→ **WORK ITEM**:
The required output is the lines below from the line containing "loose leopard print" to the line containing "XOXO Dress Womens", inclusive, retyped exactly. No other lines belong in it.

### STUDY MATERIAL ###

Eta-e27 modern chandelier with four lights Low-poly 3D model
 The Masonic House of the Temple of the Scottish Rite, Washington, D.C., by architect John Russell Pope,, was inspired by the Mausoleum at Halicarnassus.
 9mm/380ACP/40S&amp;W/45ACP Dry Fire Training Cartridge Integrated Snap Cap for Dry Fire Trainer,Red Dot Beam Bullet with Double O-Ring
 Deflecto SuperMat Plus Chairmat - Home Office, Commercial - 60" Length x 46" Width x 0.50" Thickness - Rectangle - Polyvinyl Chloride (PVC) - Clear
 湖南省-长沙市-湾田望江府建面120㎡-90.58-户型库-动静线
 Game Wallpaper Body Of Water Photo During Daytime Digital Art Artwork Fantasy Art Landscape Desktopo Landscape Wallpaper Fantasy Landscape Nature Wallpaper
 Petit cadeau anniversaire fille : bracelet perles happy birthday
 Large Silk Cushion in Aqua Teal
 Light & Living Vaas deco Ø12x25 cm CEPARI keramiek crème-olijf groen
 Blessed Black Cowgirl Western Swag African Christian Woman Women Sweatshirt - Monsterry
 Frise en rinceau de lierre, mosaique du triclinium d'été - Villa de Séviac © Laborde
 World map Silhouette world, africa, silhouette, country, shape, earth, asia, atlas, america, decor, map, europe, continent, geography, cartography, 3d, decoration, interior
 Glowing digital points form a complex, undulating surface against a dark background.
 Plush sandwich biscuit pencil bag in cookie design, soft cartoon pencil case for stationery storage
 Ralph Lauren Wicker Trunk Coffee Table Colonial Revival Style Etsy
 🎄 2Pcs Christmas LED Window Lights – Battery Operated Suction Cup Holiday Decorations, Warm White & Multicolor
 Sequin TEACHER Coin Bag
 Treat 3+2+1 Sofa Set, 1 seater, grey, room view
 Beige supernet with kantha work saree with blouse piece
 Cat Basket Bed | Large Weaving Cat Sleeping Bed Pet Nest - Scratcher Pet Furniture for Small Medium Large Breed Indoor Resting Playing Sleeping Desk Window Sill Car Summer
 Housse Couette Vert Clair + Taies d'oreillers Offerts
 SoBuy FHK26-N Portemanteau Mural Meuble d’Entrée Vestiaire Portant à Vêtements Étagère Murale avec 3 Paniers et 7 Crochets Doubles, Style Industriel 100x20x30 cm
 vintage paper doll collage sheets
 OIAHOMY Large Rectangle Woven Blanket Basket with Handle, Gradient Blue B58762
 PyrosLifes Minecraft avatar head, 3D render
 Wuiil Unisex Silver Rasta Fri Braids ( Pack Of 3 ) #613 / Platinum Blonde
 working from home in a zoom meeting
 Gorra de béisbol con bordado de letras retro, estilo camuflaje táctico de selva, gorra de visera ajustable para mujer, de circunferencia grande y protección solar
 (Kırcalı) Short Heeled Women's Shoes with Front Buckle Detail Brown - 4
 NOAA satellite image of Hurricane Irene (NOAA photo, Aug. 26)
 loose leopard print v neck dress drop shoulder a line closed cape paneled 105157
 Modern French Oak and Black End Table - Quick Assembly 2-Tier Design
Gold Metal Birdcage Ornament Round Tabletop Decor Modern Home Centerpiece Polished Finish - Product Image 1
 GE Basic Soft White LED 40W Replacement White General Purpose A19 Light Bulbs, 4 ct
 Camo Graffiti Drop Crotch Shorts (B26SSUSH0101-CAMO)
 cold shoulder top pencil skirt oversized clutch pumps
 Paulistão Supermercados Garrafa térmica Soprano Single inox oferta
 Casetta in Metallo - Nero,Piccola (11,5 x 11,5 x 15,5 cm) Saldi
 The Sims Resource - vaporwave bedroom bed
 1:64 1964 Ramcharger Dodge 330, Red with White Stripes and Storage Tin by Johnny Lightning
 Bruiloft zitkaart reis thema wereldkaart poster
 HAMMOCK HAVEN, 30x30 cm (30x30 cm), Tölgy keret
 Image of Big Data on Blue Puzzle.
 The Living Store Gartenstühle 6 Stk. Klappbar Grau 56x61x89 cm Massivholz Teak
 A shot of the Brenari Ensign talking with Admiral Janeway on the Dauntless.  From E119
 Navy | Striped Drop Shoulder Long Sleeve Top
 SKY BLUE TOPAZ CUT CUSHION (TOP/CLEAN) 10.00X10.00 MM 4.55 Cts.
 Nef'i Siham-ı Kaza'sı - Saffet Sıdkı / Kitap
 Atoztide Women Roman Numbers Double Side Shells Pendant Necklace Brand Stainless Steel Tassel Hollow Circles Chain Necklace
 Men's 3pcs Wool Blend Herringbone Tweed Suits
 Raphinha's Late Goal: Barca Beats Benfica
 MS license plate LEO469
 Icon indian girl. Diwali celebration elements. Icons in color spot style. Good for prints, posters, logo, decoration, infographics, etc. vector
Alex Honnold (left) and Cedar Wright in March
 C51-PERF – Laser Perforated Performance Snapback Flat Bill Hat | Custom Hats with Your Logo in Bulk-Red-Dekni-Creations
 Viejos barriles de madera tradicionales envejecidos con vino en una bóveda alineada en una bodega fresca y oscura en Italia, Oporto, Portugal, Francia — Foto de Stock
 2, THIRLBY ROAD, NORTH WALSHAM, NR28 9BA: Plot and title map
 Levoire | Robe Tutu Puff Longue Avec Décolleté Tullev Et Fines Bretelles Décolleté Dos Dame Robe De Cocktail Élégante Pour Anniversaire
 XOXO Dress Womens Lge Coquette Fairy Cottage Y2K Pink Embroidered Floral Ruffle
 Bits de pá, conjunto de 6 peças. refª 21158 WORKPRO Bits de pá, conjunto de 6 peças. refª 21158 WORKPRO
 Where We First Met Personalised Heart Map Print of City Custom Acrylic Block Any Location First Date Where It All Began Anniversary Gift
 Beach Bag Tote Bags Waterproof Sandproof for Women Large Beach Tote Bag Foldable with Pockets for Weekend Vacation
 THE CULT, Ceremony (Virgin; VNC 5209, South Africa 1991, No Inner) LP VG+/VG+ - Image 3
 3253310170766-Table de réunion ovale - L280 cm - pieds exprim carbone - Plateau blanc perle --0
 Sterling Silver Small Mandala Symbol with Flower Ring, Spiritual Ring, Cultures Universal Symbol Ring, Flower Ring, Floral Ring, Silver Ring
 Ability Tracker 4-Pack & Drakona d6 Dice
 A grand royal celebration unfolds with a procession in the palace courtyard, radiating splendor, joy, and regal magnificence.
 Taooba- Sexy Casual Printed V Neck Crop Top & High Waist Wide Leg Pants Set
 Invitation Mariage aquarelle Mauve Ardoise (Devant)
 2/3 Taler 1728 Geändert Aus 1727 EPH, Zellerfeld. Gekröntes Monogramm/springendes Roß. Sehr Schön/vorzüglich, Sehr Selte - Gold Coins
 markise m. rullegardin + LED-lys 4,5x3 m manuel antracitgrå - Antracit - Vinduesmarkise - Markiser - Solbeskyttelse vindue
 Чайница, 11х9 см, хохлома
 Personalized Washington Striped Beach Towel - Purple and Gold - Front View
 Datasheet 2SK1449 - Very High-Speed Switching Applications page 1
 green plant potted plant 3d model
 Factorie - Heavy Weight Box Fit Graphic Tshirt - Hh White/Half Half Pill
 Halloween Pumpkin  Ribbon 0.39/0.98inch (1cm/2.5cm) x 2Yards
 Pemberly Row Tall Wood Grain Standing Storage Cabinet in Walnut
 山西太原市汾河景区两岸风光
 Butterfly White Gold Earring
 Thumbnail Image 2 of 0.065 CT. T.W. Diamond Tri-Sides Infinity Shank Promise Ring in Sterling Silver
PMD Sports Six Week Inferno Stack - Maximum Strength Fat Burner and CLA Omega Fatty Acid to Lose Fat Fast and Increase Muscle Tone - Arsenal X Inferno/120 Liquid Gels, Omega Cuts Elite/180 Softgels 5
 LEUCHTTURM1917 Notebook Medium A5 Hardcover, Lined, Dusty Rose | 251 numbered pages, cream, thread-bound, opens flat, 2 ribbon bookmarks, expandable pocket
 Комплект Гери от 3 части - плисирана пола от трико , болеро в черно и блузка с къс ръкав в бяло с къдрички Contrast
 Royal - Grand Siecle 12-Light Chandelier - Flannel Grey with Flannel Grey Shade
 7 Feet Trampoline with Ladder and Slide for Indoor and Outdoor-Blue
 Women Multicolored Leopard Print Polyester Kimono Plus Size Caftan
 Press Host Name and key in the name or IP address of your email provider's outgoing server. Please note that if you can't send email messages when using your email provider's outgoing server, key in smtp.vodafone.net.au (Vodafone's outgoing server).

###

→ **EXPECTED ANSWER**:
 loose leopard print v neck dress drop shoulder a line closed cape paneled 105157
 Modern French Oak and Black End Table - Quick Assembly 2-Tier Design
Gold Metal Birdcage Ornament Round Tabletop Decor Modern Home Centerpiece Polished Finish - Product Image 1
 GE Basic Soft White LED 40W Replacement White General Purpose A19 Light Bulbs, 4 ct
 Camo Graffiti Drop Crotch Shorts (B26SSUSH0101-CAMO)
 cold shoulder top pencil skirt oversized clutch pumps
 Paulistão Supermercados Garrafa térmica Soprano Single inox oferta
 Casetta in Metallo - Nero,Piccola (11,5 x 11,5 x 15,5 cm) Saldi
 The Sims Resource - vaporwave bedroom bed
 1:64 1964 Ramcharger Dodge 330, Red with White Stripes and Storage Tin by Johnny Lightning
 Bruiloft zitkaart reis thema wereldkaart poster
 HAMMOCK HAVEN, 30x30 cm (30x30 cm), Tölgy keret
 Image of Big Data on Blue Puzzle.
 The Living Store Gartenstühle 6 Stk. Klappbar Grau 56x61x89 cm Massivholz Teak
 A shot of the Brenari Ensign talking with Admiral Janeway on the Dauntless.  From E119
 Navy | Striped Drop Shoulder Long Sleeve Top
 SKY BLUE TOPAZ CUT CUSHION (TOP/CLEAN) 10.00X10.00 MM 4.55 Cts.
 Nef'i Siham-ı Kaza'sı - Saffet Sıdkı / Kitap
 Atoztide Women Roman Numbers Double Side Shells Pendant Necklace Brand Stainless Steel Tassel Hollow Circles Chain Necklace
 Men's 3pcs Wool Blend Herringbone Tweed Suits
 Raphinha's Late Goal: Barca Beats Benfica
 MS license plate LEO469
 Icon indian girl. Diwali celebration elements. Icons in color spot style. Good for prints, posters, logo, decoration, infographics, etc. vector
Alex Honnold (left) and Cedar Wright in March
 C51-PERF – Laser Perforated Performance Snapback Flat Bill Hat | Custom Hats with Your Logo in Bulk-Red-Dekni-Creations
 Viejos barriles de madera tradicionales envejecidos con vino en una bóveda alineada en una bodega fresca y oscura en Italia, Oporto, Portugal, Francia — Foto de Stock
 2, THIRLBY ROAD, NORTH WALSHAM, NR28 9BA: Plot and title map
 Levoire | Robe Tutu Puff Longue Avec Décolleté Tullev Et Fines Bretelles Décolleté Dos Dame Robe De Cocktail Élégante Pour Anniversaire
 XOXO Dress Womens Lge Coquette Fairy Cottage Y2K Pink Embroidered Floral Ruffle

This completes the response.